Materials provided
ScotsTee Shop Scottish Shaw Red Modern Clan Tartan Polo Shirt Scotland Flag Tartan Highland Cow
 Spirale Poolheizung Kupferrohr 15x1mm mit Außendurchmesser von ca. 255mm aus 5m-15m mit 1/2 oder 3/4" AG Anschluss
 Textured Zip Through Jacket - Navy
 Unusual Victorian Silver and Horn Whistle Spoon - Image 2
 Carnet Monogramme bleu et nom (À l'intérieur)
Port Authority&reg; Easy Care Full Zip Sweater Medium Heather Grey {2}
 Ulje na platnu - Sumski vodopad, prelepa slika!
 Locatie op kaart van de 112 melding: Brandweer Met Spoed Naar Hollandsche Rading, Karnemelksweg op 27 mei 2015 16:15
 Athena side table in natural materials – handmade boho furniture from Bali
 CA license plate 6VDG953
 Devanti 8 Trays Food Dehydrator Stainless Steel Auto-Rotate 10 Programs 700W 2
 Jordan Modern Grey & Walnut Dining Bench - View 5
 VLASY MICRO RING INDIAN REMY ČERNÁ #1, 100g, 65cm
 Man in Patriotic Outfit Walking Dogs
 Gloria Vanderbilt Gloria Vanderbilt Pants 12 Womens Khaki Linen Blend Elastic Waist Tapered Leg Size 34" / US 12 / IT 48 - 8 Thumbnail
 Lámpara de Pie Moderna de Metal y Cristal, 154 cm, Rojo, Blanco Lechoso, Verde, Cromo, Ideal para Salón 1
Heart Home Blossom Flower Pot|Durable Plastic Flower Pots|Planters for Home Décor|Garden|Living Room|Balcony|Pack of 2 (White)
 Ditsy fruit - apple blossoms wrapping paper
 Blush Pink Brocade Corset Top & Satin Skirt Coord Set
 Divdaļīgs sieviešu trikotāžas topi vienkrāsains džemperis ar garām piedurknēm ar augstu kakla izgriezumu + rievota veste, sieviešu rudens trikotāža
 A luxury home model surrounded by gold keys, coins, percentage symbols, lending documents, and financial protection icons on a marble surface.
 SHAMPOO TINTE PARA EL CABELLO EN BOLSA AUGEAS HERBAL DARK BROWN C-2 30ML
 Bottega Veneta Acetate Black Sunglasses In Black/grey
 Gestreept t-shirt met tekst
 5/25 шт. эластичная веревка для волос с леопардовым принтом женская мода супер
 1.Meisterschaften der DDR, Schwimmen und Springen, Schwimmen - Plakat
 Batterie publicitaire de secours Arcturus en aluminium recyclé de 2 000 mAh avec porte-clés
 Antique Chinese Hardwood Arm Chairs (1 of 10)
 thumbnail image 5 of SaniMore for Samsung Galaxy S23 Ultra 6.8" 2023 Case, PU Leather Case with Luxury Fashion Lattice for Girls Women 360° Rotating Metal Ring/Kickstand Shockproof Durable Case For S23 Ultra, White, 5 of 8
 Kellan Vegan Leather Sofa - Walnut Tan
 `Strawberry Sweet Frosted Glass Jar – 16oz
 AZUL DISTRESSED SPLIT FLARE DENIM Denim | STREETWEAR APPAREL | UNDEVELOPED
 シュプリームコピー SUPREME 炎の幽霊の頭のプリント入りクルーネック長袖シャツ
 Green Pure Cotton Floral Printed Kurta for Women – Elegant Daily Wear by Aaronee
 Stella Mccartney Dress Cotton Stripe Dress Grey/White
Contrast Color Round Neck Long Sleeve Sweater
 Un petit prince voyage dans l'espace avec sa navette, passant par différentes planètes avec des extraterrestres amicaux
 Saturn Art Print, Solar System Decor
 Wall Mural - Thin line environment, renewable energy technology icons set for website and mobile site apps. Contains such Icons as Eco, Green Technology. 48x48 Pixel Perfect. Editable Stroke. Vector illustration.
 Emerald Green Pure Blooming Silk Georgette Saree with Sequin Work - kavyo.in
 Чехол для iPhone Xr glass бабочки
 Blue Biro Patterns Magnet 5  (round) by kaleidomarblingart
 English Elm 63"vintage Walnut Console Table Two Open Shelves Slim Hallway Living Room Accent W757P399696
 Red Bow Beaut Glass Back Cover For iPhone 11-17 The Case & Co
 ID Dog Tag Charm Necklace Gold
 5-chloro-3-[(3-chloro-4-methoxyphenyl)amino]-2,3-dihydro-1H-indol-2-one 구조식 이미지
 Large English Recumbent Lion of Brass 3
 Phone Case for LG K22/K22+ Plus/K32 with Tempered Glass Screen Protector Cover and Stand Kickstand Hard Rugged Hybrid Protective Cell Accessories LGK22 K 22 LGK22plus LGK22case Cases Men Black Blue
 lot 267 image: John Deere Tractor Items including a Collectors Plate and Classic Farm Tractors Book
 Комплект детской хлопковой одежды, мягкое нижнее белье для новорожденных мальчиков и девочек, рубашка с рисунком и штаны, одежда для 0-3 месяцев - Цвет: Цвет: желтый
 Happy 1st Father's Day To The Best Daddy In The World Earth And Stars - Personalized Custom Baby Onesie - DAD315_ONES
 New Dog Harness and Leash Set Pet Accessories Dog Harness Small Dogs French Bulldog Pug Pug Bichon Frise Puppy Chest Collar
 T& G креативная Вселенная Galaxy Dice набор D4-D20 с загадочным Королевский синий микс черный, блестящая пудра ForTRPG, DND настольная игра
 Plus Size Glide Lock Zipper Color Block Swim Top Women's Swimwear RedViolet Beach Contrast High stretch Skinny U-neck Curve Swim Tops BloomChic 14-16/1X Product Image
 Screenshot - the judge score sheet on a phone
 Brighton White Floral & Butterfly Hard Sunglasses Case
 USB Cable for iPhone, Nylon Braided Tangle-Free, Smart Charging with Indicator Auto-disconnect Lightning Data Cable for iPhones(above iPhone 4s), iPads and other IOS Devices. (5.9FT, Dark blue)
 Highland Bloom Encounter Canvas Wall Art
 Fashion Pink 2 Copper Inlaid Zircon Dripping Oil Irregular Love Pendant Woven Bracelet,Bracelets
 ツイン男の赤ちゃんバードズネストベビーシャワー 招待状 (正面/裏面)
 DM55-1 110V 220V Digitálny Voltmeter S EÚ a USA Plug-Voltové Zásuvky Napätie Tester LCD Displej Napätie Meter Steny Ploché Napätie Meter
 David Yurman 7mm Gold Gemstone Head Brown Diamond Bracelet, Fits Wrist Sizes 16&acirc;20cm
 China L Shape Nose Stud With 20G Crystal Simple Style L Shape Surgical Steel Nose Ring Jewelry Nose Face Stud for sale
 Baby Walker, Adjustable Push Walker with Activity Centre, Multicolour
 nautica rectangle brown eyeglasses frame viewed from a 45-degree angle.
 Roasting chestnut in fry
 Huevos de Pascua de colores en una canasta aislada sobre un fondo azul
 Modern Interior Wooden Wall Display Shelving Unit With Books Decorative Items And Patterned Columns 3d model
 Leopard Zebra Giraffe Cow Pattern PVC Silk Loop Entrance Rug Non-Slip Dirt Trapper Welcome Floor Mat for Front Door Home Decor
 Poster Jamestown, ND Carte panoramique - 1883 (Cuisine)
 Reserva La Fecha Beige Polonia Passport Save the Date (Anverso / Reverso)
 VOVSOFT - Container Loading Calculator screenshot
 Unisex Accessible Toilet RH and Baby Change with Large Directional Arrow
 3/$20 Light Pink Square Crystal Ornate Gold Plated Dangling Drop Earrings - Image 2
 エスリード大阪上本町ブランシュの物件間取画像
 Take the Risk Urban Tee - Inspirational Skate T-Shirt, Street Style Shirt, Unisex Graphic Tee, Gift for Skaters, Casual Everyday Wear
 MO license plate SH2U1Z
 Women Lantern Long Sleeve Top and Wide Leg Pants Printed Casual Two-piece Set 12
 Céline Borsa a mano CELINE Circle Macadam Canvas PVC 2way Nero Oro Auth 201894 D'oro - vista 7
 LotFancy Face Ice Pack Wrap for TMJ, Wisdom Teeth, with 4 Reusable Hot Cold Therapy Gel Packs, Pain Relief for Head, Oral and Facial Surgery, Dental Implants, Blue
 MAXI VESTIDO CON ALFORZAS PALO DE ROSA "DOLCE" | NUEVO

How to complete this task
Please say how many lines in the records above contain the word "Sunglasses". Give the number alone.

Task solution
2